- **What the task requires**: Only the lines below from the one containing "PRIMARY BEDROOM VIRTUALLY STAGED" through the one containing "Just Art: Sun Goddees" belong in the answer, repeated exactly and without pictures.

- **Task data**:
▼▼▼

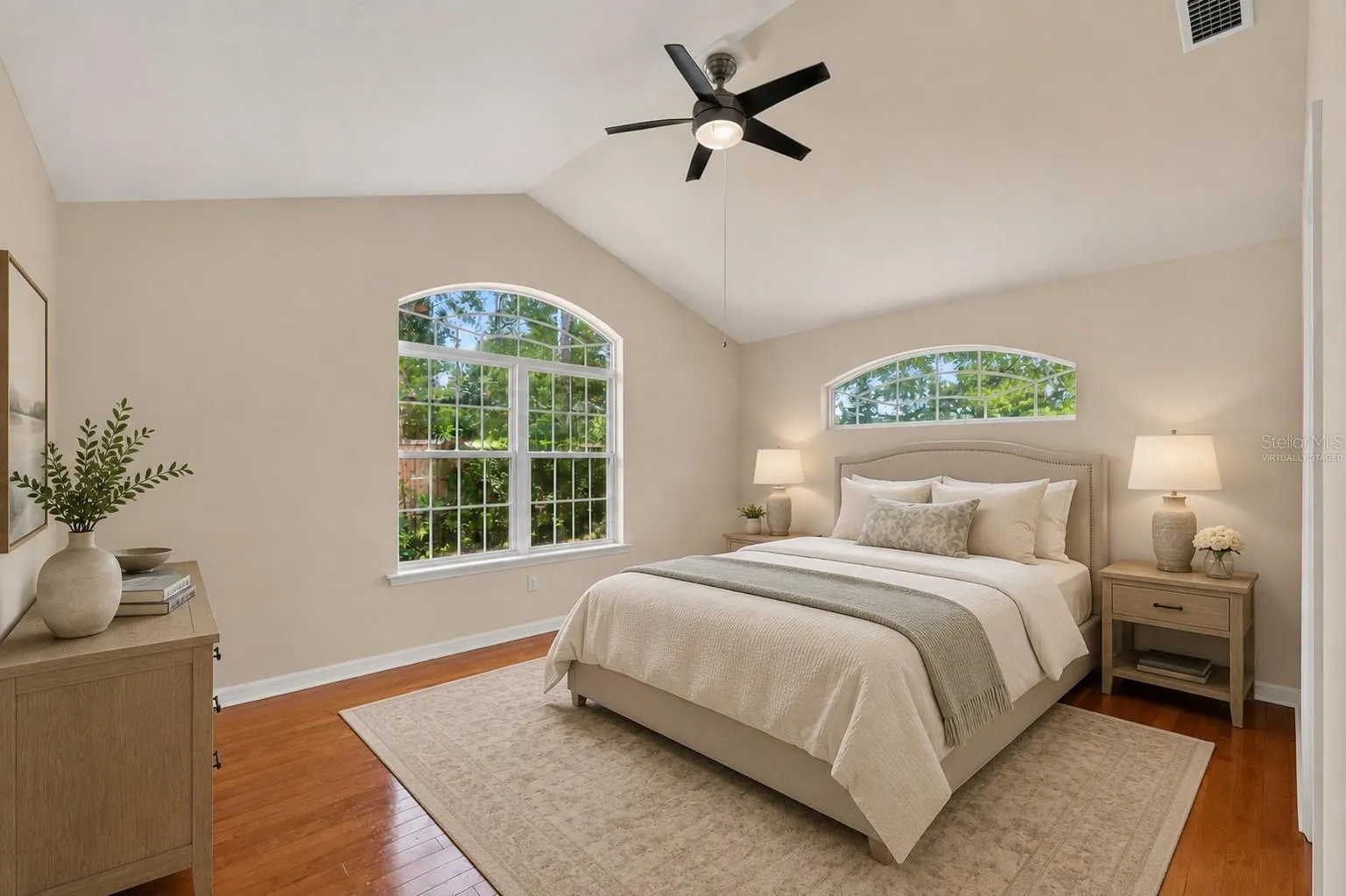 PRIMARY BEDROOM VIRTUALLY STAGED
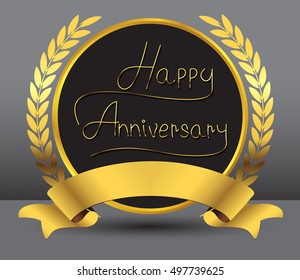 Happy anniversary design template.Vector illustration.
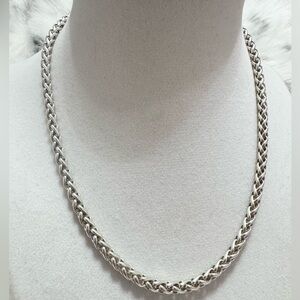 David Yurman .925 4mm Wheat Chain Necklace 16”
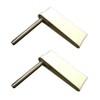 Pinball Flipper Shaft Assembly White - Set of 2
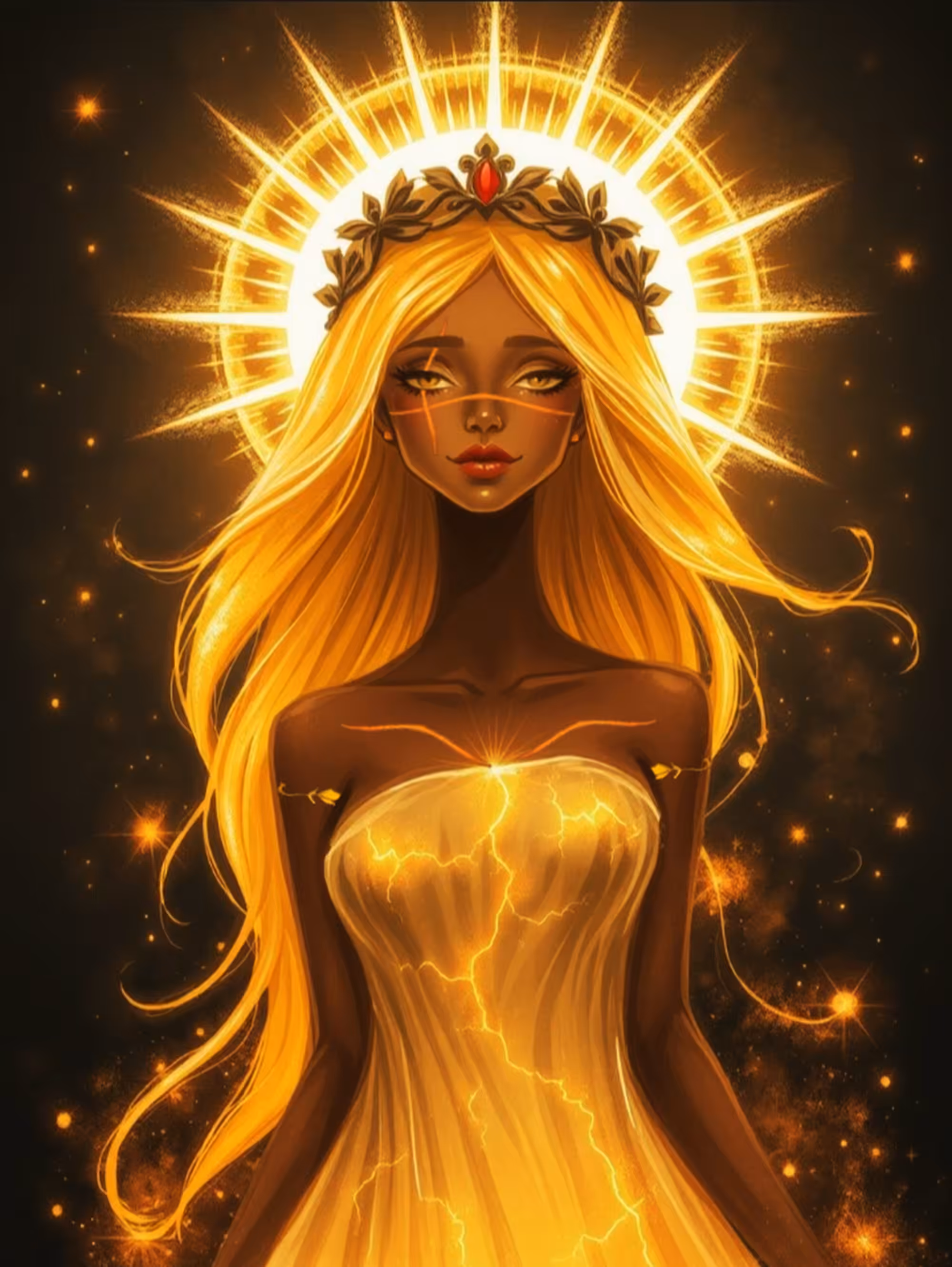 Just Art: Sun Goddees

▲▲▲
▼▼▼

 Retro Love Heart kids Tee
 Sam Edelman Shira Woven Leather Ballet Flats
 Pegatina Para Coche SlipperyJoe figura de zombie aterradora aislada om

▲▲▲
▼▼▼

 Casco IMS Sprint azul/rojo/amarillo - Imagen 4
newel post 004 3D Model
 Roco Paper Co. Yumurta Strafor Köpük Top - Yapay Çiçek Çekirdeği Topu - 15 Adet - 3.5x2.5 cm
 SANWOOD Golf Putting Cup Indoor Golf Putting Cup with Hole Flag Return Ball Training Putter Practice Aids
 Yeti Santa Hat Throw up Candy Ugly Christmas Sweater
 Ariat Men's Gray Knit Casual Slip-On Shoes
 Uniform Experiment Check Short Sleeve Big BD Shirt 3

▲▲▲

- **Task answer**:
 PRIMARY BEDROOM VIRTUALLY STAGED
 Happy anniversary design template.Vector illustration.
 David Yurman .925 4mm Wheat Chain Necklace 16”
 Pinball Flipper Shaft Assembly White - Set of 2
 Just Art: Sun Goddees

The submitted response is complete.